* [What you need to do]: Your answer must be an exact copy of the records, with no pictures included.

=== Begin Enclosure ===

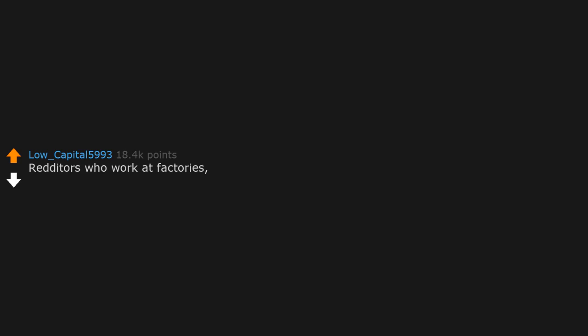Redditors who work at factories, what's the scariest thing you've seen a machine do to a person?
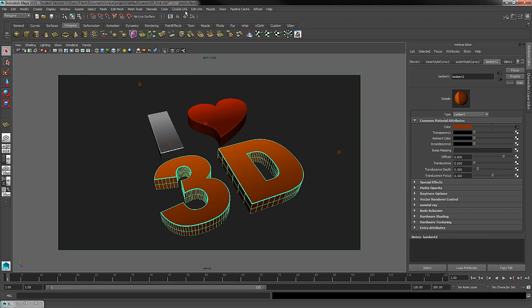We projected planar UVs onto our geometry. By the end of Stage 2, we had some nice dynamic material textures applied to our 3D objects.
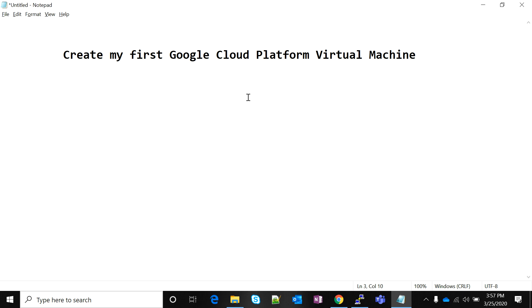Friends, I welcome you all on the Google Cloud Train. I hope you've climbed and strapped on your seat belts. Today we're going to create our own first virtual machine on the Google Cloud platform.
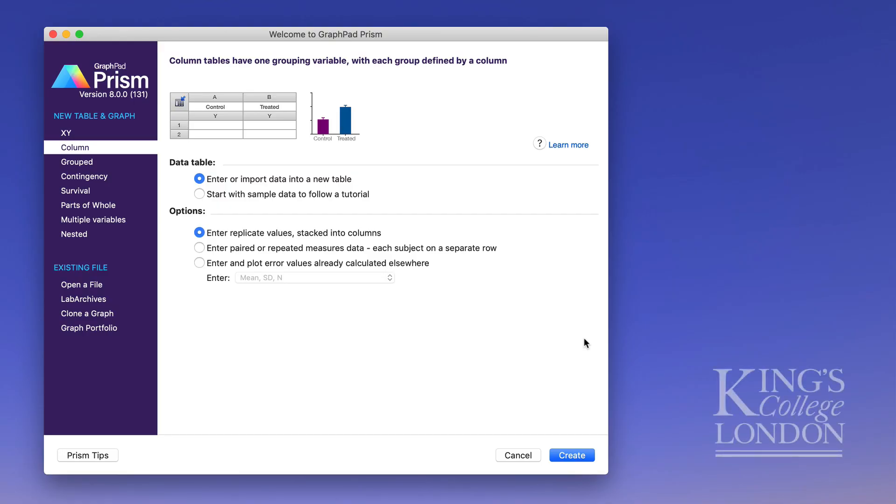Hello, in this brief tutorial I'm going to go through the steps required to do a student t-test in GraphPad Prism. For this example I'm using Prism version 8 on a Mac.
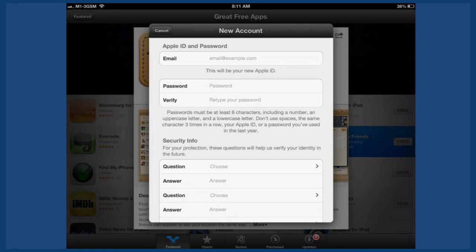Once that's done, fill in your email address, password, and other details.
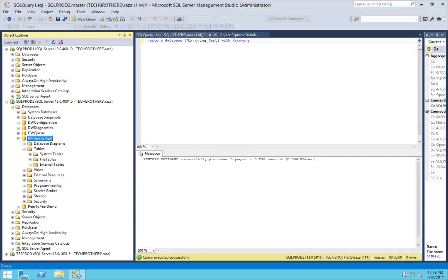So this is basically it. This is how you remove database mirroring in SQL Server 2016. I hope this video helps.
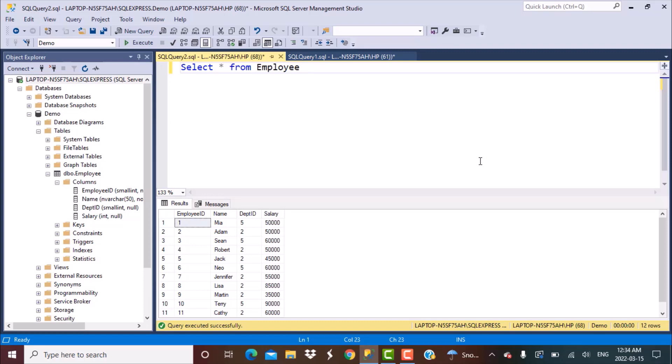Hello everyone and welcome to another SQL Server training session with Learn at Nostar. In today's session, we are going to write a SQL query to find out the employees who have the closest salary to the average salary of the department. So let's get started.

=== End Enclosure ===

* [Result for this task]:
Redditors who work at factories, what's the scariest thing you've seen a machine do to a person?
We projected planar UVs onto our geometry. By the end of Stage 2, we had some nice dynamic material textures applied to our 3D objects.
Friends, I welcome you all on the Google Cloud Train. I hope you've climbed and strapped on your seat belts. Today we're going to create our own first virtual machine on the Google Cloud platform.
Hello, in this brief tutorial I'm going to go through the steps required to do a student t-test in GraphPad Prism. For this example I'm using Prism version 8 on a Mac.
Once that's done, fill in your email address, password, and other details.
So this is basically it. This is how you remove database mirroring in SQL Server 2016. I hope this video helps.
Hello everyone and welcome to another SQL Server training session with Learn at Nostar. In today's session, we are going to write a SQL query to find out the employees who have the closest salary to the average salary of the department. So let's get started.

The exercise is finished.